▶ Recorded data
══════════════════════════════
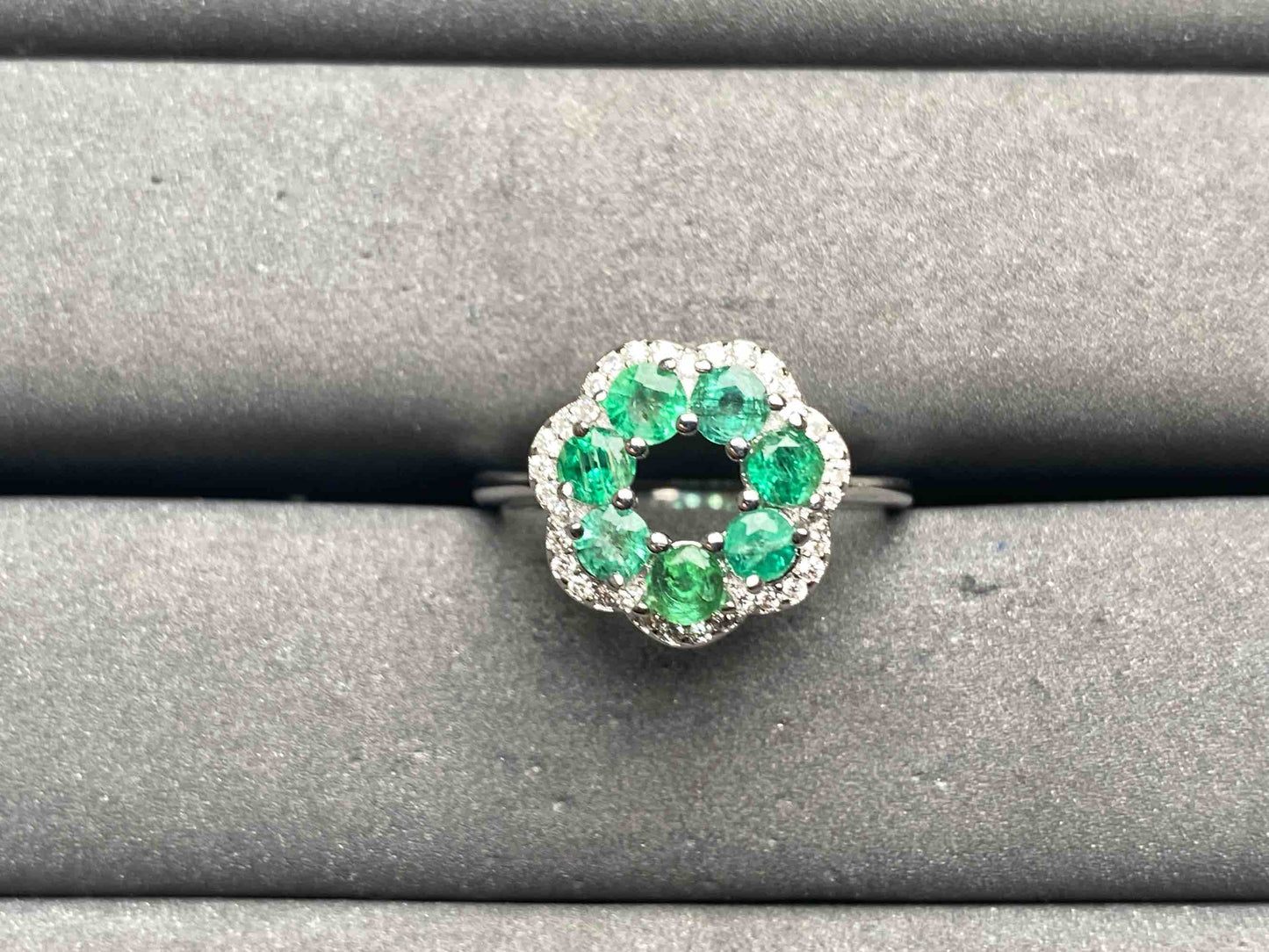 A13147 Emerald Ring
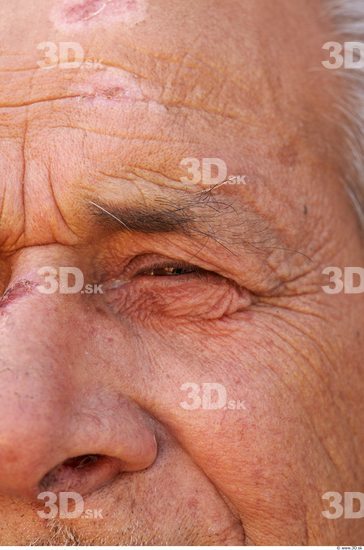 Eye Head Man Woman Casual Average Chubby Wrinkles Street photo references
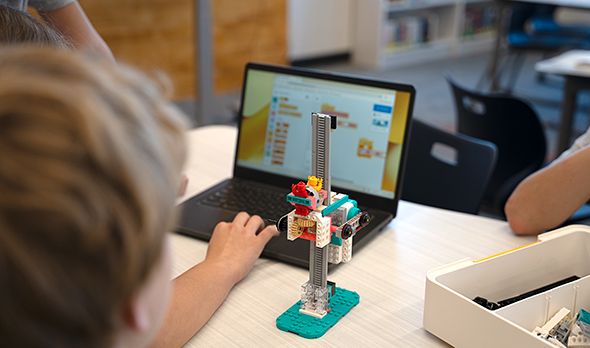 Schnelle, einfache Unterrichtsvorbereitung Kinder programmieren LEGO® Education Informatik & KI am Laptop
══════════════════════════════
▶ Exercise aim
In the listing, find the line containing "Eye Head Man" and repeat it and every later line through the last one, word for word, excluding the pictures.

▶ Task output
 Eye Head Man Woman Casual Average Chubby Wrinkles Street photo references
 Schnelle, einfache Unterrichtsvorbereitung Kinder programmieren LEGO® Education Informatik & KI am Laptop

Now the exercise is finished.